The importance of family runs deep in “jeen-yuhs,” not only because of West’s connection to his mom (and, less clearly, his dad), but also because of the family that Simmons creates for himself in the background. His daughter is born 2.5 months early during the same year of Donda West’s death, and the opening minutes of this film’s third part are cross-stitched in a way that suggests life emerging from the shadow of death, and one family existing in the shadow of another. Simmons looks in the mirror just long enough for us to infer that his wife and daughter returned his love in a way that Kanye never could, and allowed him to strike a balance between life and work that Kanye never has.

The first two parts of “jeen-yuhs” are so riveting because Simmons is able to shoot West’s ascent in extreme close-up; part III might have been able to sustain that intimacy had Simmons been more comfortable with his own position as a subject in the film. As it stands, the documentary never recovers from the whiplash of West’s decision to cut ties with his old crew, even if that comes off as less a deliberate “fuck you” than a byproduct of his grieving process. Whereas the first three hours of “jeen-yuhs” are composed almost entirely of first-hand footage, much of the last 90 minutes are cobbled together with the help of MTV News, TMZ, Instagram, and so forth. We know this part of the story already, and it’s frustrating to watch it unfold from such a generic perspective later in the same film that shows us a young Kanye fiddling with his retainer.

Simmons and West eventually “reconciled,” allowing the filmmaker to follow his old friend on a tour of Takashi Murakami’s studio in Japan, on a private jet to visit a ceramicist in California, and later to the Wyoming compound where he assembled his Sunday Services (brace for the extraordinary image of Justin Bieber zoning out in an airplane hangar while “Seven Samurai” screens against a massive wall on the background). This renewed access is tinged with the queasy tension of someone who suspects their buddy got body-snatched. Simmons isn’t much interested in unpacking how or why it feels that way — he broadly attributes everything to God’s plan, leaning on platitudes at West’s most disconcerting moments, and even turning the camera off during one especially unmoored rant out of respect for his friend — but that leaves precious little evidence to back up his claim that Jesus’ grace is helping him and West to turn their pain into power.

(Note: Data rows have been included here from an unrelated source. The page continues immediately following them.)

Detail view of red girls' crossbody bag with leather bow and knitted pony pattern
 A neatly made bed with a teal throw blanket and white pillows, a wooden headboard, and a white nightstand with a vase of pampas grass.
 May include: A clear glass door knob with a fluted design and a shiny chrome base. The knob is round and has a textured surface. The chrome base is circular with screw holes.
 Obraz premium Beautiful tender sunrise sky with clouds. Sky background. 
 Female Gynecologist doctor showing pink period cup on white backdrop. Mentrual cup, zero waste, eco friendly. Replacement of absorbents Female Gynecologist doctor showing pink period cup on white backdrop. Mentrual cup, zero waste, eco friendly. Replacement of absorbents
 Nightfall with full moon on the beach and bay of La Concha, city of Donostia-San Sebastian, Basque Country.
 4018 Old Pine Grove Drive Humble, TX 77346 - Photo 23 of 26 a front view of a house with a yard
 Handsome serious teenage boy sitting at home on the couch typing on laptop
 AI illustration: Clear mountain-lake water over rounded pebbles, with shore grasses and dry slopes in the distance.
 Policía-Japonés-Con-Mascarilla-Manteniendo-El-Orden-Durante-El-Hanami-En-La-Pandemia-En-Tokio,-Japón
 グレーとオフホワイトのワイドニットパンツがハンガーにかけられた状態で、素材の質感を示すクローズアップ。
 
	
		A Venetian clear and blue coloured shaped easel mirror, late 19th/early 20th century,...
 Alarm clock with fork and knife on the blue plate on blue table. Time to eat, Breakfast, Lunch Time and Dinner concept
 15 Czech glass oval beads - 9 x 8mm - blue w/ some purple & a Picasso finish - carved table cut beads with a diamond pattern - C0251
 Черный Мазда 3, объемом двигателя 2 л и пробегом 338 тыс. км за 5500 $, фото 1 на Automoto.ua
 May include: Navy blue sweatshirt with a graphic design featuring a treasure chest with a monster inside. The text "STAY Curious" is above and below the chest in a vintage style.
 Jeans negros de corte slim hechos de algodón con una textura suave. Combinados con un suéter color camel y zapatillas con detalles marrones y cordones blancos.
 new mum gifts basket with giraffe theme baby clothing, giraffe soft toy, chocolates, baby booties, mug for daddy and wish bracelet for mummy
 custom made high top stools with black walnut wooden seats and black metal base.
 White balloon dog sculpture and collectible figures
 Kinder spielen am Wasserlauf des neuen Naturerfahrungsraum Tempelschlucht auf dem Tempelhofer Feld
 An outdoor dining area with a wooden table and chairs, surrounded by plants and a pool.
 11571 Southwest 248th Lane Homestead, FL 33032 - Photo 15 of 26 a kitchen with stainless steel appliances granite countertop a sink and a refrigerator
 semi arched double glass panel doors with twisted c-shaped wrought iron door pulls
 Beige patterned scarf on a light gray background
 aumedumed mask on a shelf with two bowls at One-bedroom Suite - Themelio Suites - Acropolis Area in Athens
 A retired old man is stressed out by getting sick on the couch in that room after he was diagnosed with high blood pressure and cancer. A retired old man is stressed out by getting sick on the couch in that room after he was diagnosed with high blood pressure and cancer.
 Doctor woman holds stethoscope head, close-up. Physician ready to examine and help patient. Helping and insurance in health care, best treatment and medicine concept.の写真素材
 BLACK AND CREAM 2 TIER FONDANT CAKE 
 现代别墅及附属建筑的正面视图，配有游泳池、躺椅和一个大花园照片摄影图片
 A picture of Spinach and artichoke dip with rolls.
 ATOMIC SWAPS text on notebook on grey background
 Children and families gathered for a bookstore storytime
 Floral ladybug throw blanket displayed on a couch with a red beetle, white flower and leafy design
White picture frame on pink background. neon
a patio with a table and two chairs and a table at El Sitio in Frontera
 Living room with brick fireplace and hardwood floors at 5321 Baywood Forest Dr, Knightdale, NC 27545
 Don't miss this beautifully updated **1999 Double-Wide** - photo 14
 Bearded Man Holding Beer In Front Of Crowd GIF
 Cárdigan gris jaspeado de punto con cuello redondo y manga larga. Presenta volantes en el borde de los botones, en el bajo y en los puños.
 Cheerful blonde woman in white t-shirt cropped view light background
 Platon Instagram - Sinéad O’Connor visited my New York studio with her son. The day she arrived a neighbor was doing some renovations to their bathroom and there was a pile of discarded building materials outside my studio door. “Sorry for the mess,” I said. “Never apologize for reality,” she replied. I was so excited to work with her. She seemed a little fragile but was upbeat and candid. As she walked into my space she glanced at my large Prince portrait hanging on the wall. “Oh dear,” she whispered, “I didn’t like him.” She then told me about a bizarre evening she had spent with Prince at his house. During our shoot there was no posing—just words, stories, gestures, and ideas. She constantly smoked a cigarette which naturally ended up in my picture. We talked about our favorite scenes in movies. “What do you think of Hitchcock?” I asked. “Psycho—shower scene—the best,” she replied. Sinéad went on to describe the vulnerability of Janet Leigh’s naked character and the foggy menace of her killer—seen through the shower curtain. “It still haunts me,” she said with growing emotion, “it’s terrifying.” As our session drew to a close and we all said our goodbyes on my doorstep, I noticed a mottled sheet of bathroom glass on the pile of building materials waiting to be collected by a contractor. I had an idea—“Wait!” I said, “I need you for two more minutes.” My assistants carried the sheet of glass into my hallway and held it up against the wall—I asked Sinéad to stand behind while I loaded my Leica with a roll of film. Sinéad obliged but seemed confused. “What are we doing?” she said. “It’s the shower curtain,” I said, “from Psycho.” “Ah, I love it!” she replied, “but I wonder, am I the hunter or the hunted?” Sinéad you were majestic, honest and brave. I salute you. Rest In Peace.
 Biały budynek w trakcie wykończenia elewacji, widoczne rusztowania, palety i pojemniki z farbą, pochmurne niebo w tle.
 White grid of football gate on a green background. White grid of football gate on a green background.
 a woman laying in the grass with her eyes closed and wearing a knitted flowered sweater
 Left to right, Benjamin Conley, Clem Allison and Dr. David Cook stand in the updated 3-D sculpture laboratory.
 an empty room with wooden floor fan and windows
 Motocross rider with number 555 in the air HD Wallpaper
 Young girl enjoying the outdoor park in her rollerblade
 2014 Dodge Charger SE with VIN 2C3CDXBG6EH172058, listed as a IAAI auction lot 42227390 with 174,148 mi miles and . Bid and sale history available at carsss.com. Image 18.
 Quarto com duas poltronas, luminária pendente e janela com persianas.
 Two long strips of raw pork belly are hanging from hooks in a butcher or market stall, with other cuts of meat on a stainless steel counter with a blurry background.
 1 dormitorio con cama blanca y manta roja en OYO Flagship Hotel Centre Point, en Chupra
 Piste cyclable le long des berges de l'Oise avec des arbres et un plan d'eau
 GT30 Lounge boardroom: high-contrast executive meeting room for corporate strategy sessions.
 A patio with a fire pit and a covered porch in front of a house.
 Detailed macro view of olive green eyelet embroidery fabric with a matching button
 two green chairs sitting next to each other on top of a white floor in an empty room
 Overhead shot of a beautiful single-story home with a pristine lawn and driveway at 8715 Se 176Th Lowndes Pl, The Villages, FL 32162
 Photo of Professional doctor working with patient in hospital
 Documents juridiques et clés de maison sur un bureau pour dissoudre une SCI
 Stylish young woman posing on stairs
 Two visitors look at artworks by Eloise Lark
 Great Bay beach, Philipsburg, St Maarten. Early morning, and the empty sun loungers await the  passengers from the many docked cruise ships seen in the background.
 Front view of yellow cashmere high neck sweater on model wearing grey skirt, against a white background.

The disconnect between what we see (West fist-pumping after every word of a Tucker Carlson monologue) and how Simmons interprets it for us (Kanye is complicated!) is all the more intriguing for that flagrant disconnect, but it also provides a fitting grace note for a documentary that shows us remarkable things despite its unwillingness to look at them closely. It’s a documentary that shares the same name as a pet West’s family had when he was a child — a dog named Genius because he could escape any cage that was placed around him. After almost five hours that flew by like one and could have held my attention for 10 more just like them, “jeen-yuhs” left me less curious about how we might be able to escape from Kanye West than it did about how Kanye West might be able to escape from himself.

Grade: B+

Part I of “jeen-yuhs: A Kanye Trilogy” premiered at the Sundance Film Festival. It will be available to stream on Netflix in three weekly installments beginning on Wednesday, February 16.